◆ What you need to do: In the listing below, find the line with "Reuniones en Casa" and copy every line from there up to and including the line with "Zeytinburnu'nda binadan yağmur", exactly and without pictures.

BEGIN Recorded information

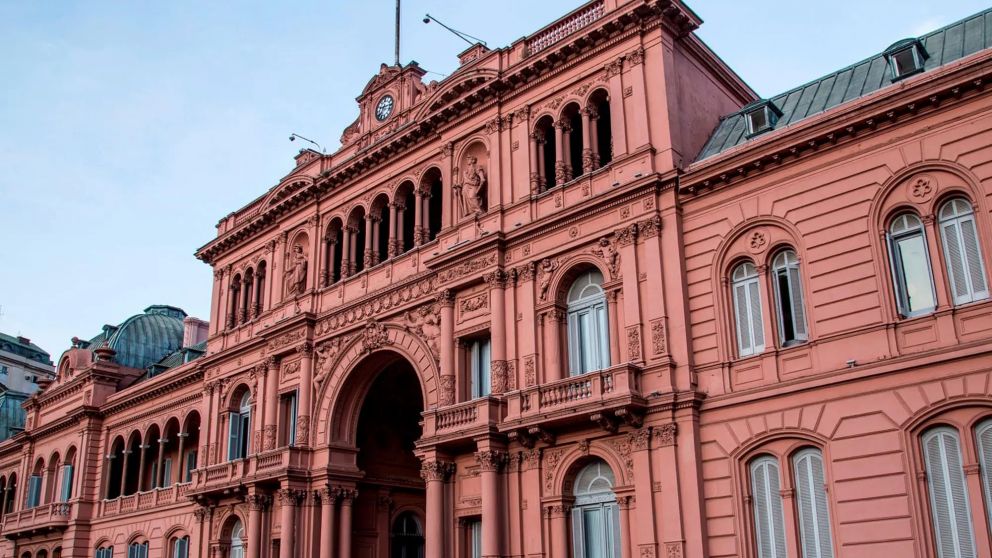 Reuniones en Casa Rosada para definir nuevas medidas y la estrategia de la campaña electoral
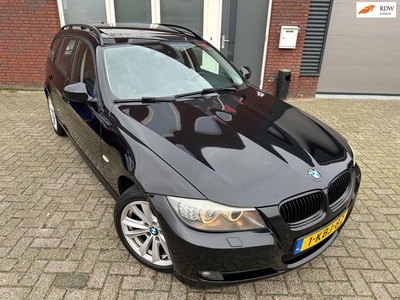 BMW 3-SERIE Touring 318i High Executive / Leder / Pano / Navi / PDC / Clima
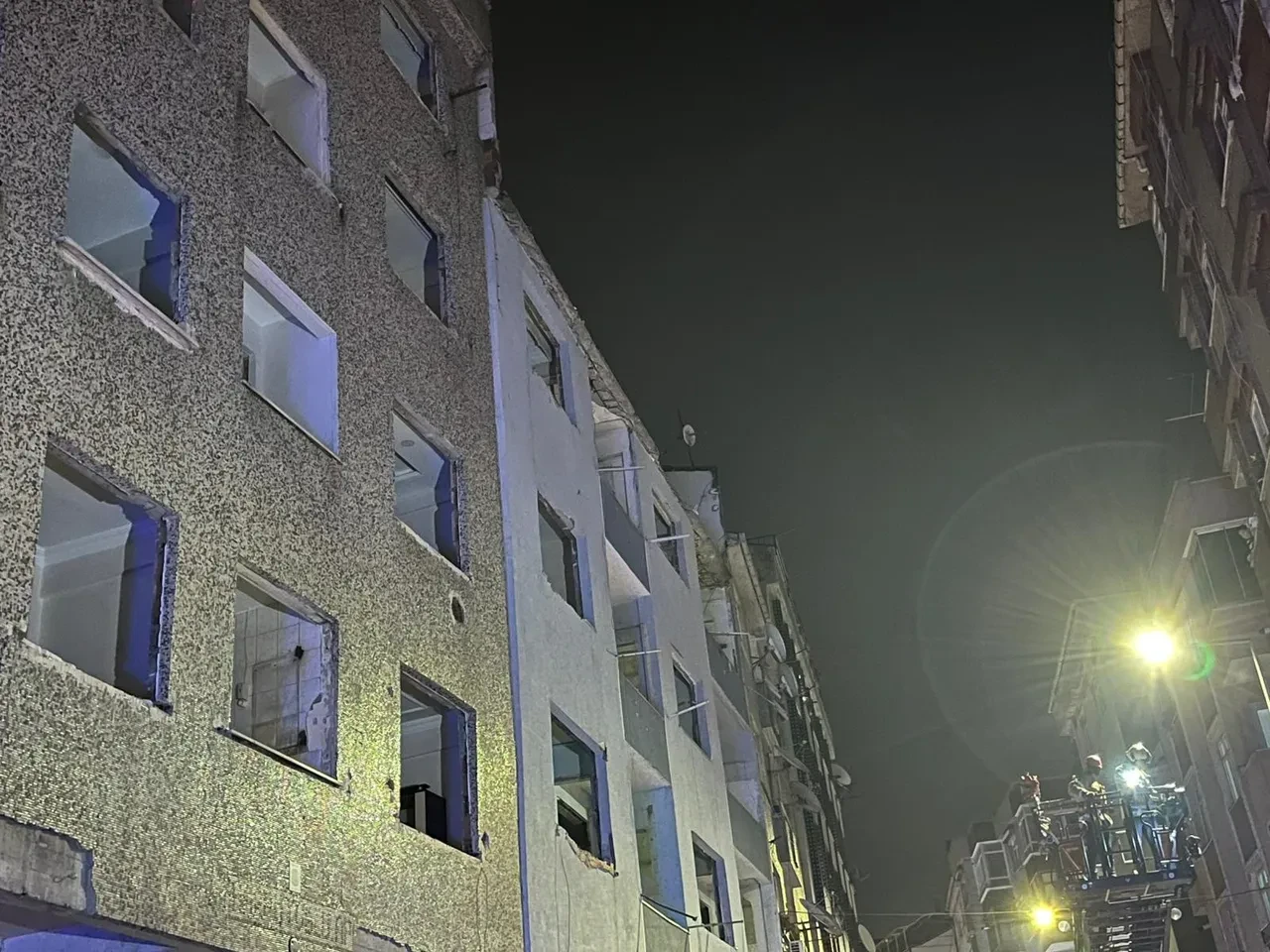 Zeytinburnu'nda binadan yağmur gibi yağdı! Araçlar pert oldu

END Recorded information
BEGIN Recorded information

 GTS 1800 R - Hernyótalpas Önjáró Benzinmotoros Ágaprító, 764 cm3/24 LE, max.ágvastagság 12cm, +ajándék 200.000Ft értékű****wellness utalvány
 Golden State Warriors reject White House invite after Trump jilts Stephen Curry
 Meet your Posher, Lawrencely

END Recorded information

◆ Task result:
 Reuniones en Casa Rosada para definir nuevas medidas y la estrategia de la campaña electoral
 BMW 3-SERIE Touring 318i High Executive / Leder / Pano / Navi / PDC / Clima
 Zeytinburnu'nda binadan yağmur gibi yağdı! Araçlar pert oldu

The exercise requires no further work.